Clifton Forge Reservoir - Fishing Opportunities


Catchable size rainbow trout are stocked eight times annually: twice inthe fall, once in winter, and five times in the spring. Bank fishing for trout at Clifton Forge Reservoir usually entails the use of live bait (worms), or artifical bait such as salmon eggs, corn, or commercially made stink bait.

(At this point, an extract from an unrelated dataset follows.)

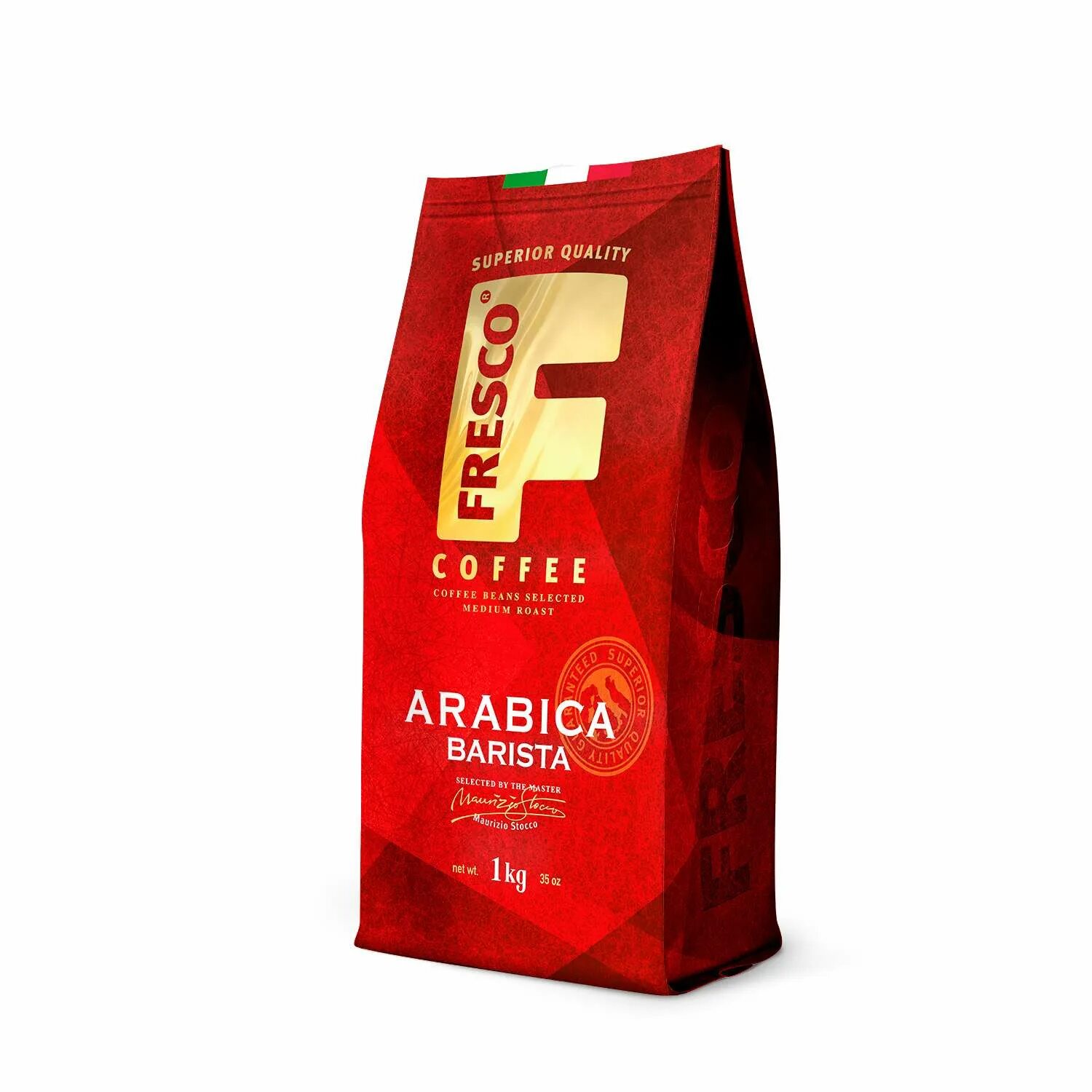 Кофе fresco Arabica Blend, в зёрнах, 1000 гр. Кофе fresco Arabica Barista. Кофе fresco Arabica Barista 1кг зерно *5. Кофе молотый fresco Arabica Barista м/у 200г.(8). Кофе в зернах fresco arabica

Oddly enough, bluegill were not found in this lake prior to 2000. Bluegill are the most commonly found sunfish across Virginia, providing a food source for predators and an active sport fish for kids. Instead, the redbreast sunfish, typically a river dweller, is found instead. Redbreast sunfish are not found in large numbers or in great size. The other sunfish family member found in Clifton Forge Reservoir is the black crappie. Introduced by fishermen, black crappie are stunted in the lake. Because of a limited food supply and their ability to reproduce themselves out of house and home, black crappie in this lake are slow growing and small (6-10 inches long). Panfish can be best located near beaver lodges, fallen trees, and brush piles.

Channel Catfish

Adult channel catfish were stocked by the Forest Service in 1997 to provide additional angling opportunities at Clifton Forge Reservoir. Additional stockings of channel catfish have taken place in 2002 and 2003. Channel catfish up to 20 inches have been sampled by DGIF biologists. Channel catfish can be taken in a manner similar to fishing for trout in the lake. Live bait, especially, nightcrawlers, are very effective in hooking up with a large catfish.